It was a little past 2 p.m. on Oct. 5, 2004, and I recall being a bit nervous, which seemed odd. I was at the Convention Center, holding a pen in one hand, a small tape recorder and a pocket-size notebook in the other. In a few minutes, I would be interviewing Edson Arantes do Nasimento, which is what his mother probably called him when she was upset with him, at least if she was anything like American mothers who tend only to use the middle names of their children when they are dragging them off by the ear.

To the rest of the world, he is known simply as Pele.

In a few minutes, I would be granted a one-on-one interview with the Brazilian soccer legend, the greatest practitioner of The Beautiful Game, which is what he called it. A brief one-on-one interview, I was told. Pele's got places to be, people to see, things to do. I understood. That's his job. Few in sports have it. Pele, Ali, Tiger, at least before last Thanksgiving. Gretzky? Maybe in Canada. Maybe in Sweden. Not in Sri Lanka, or Bora Bora.
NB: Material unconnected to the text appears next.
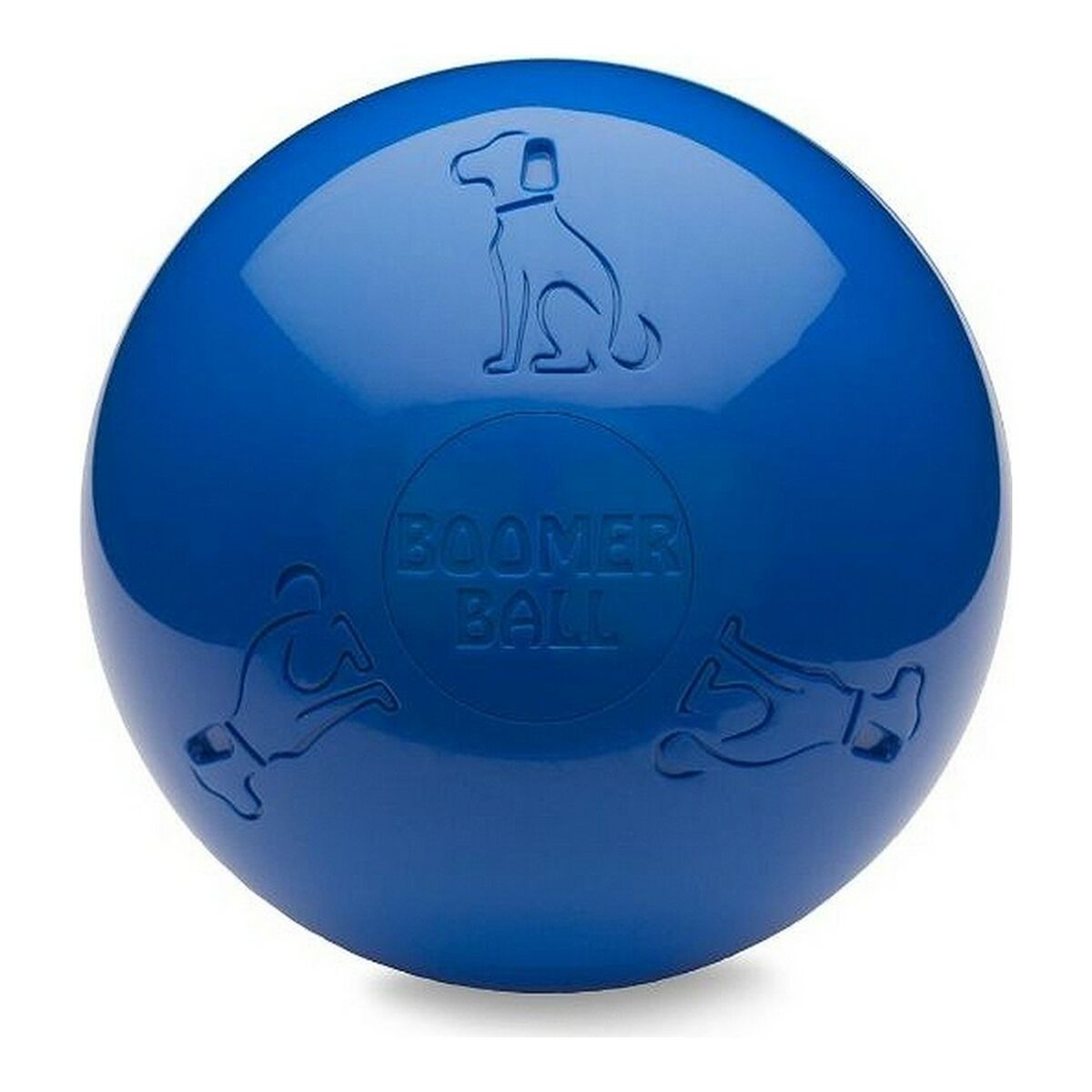 Hundleksak Company of Animals Boomer Blå (150mm) - 3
I wanted to be ready with a question. Not a conventional question about soccer or being a world ambassador, as impressive as that is. I wanted to ask something different, something he had never been asked. Yeah, maybe I would ask about having his likeness plastered across a penny slot machine, like I had assured the slot machine people who had set up the interview.

So I lied.

I decided I would ask Pele about his role in the 1981 prisoner of war movie "Victory," starring Michael Caine and Sylvester Stallone. Maybe I wouldn't mention Stallone, because Pele has dined with kings and queens and heads of state. But what if that Rex Reed guy also had been granted a brief interview with Pele? Certainly, that's something he would have asked.

Pele's skills with a soccer ball were so extraordinary that in 1967 the warring nations of Nigeria and Biafra declared a two-day truce just so they could watch him play an exhibition match. Were it not for Cronkite, I might have asked about that.

Nothing I could come up with seemed original or provocative. I had just about resigned myself to asking Pele if his mother had ever called him by his full name and dragged him off by his ear after he had knocked her knickknacks off the living room shelf with a soccer ball when ... There, From Out of Nowhere, The Great One materialized.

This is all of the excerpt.